Türk Dünyasında “aksakallık” önemli. “Türk Dünyasında Aksakallık Kurumu” makalesinden bilge kişilerin cemiyetteki yerini ayrıntılı öğreniyoruz. Tecrübeli isimlere, bilge kişilere, halka yön verenlere, yüksek istişare kurulu üyelerine “aksakal” deniyor. Türk destanlarında aksakallar ve aksakallık hakkında kıymetli bilgiler bulunmakta. Meselâ; Oğuz Kağan Destanı’nda, “Oğuz Kağan’ın yanında aksakallı, kır saçlı, uzun akıllı (tecrübeli) bir yaşlı kişi vardı. Anlayışlı doğru bir erdi. Tüşimel (nazır, vekil, vezir) idi” denilmektedir. Destanlarda aksakalların işten güçten düşmüş ihtiyarlar olmayıp er kişiler olması, destanların “kır” ve “ak” sakal tabirleri arasındaki farkın daha belirgin olduğu devirlerde meydana geldiğine işaret etmektedir.
Köşe yazısını ilmî çalışmalarla boğmak istemiyorum... Hale Şıvgın Armağanı’nda dönem arkadaşı Prof. Dr. İsmail Özçelik’in Hale Hanım’la ilk tanışmalarını ve hatırlarını nakledeyim:
“...Fakültemizi keşfediyoruz.
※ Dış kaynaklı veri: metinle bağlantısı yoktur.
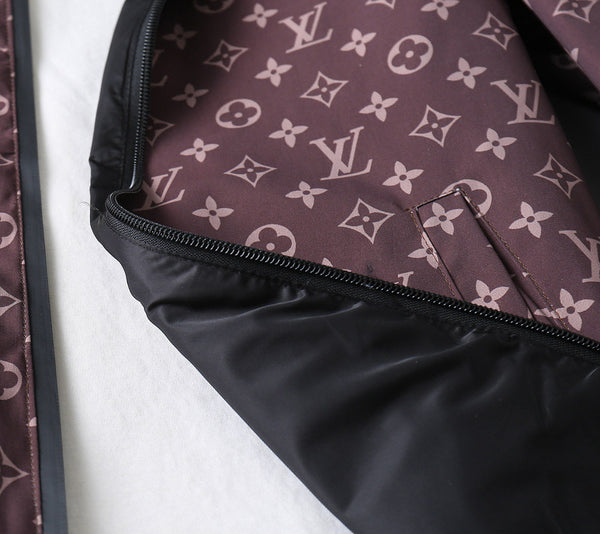 GIACCA A VENTO DOUBLE-FACE LV MONOGRAMMA ROSSO VINO E NERO 238976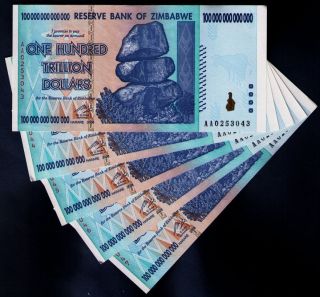 100 trillion zimbabwe dollars x 5 bank notes circulated one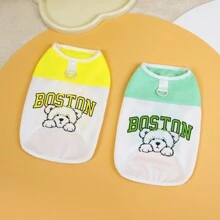 宠物服装 狗背心、趣味文字设计、猫用轻便 T 恤、春夏装 - 黃色 - 查看 3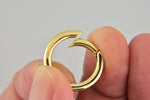 將圖片載入圖庫檢視器 14k yellow gold 20mm round link lock hinged push clasp bail enhancer connector hanger for pendants charms bracelets anklets necklaces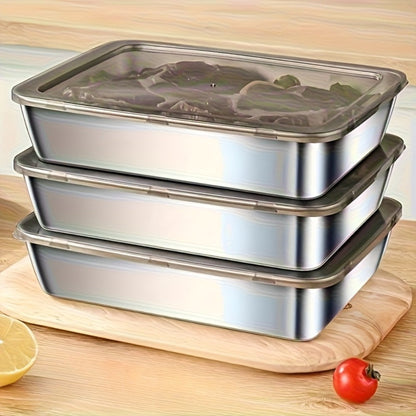 Storage Containers with Lids, Five-Piece Stainless Steel Plate Set with Five Flip-Top Lids for Hand Washing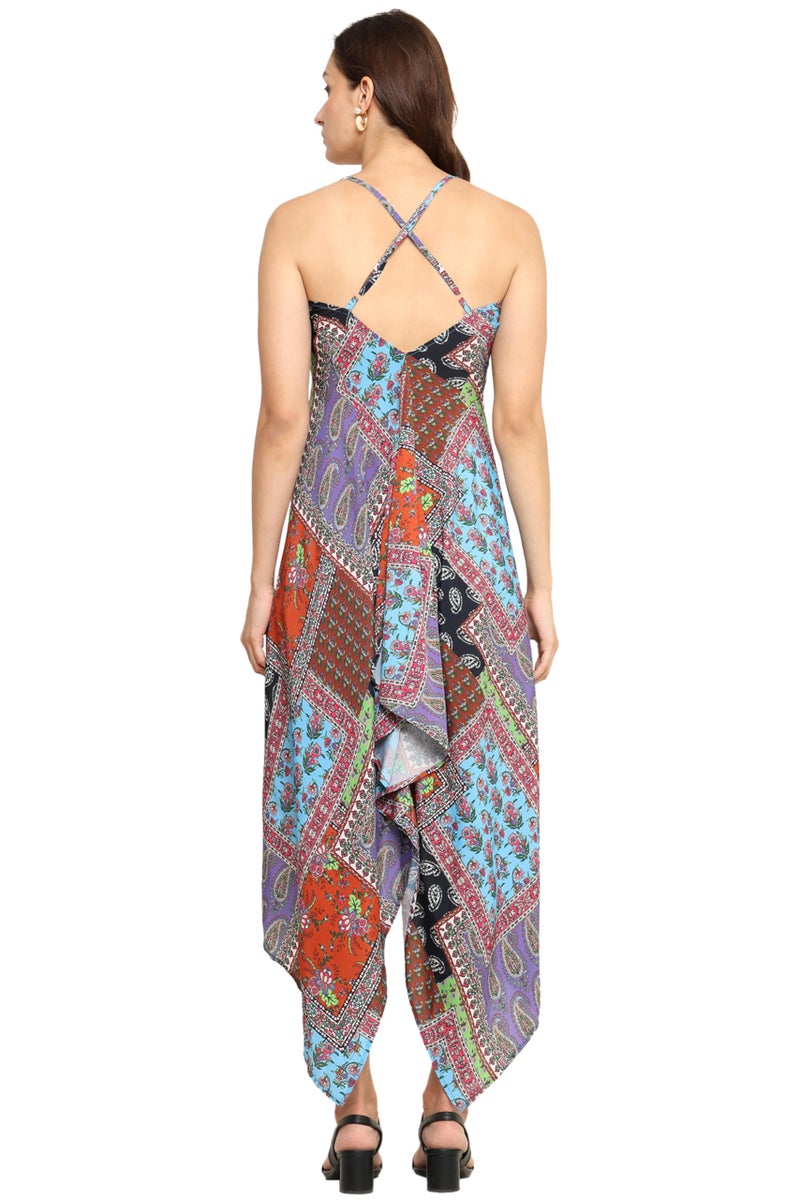 Yash Gallery Women's Polyester Patch Digital Printed Maxi Dress V-Neck Summer Boho Dress (Multi, XL) Multicolour - Image 4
Kantin, Kütüphane, Ziya Gökalp Dershanesi, 127, 145, 146 No’lu derslikler... Bölümdeki hocaların isimlerini kapılarındaki tabelalardan okuyoruz. Faruk Sümer, Bahaeddin Ögel, Ali Sevim, Bekir Sıtkı Baykal, Şerafettin Turan, Enver Ziya Karal, Afet İnan, Şerif Baştav, Aydın Taneri, Nejat Kaymaz... Büyük isimler. Öncelikle Orta çağ Tarihi’ndeki danışmanımız olan Melek Delilbaşı ve aynı odayı paylaşan Asistanlardan Reşat Genç, İsmail Aka ve Kazım Yaşar Kopraman Abiler, Hüseyin Sever büyüğümüz ile tanışıyoruz. (...) (Kantinde) Sohbet ve çay fasılları, derken halka her geçen gün biraz daha genişliyor... Yakınçağ Tarihi Kürsüsünden Hale Taşer. Dikkatimi çekiyor, ağır başlı, bir o kadar da ciddi. Ancak samimi ve güler yüzlü. Dünyalar güzeli bir insan, bir o kadar da mahcup ve saygılı. Bir arkadaş eğilerek kulağıma fısıldıyor: ‘Dündar Taşer’in Yeğeni..’ diyor, Hale için... Bu tanımlama ve uyarı Hale’ye olan saygınlığımı bir kat daha arttırıyor doğrusu. Böylece kendisiyle tanışıyorum, Gaziantep Lisesi mezunu olduğumu söylüyorum.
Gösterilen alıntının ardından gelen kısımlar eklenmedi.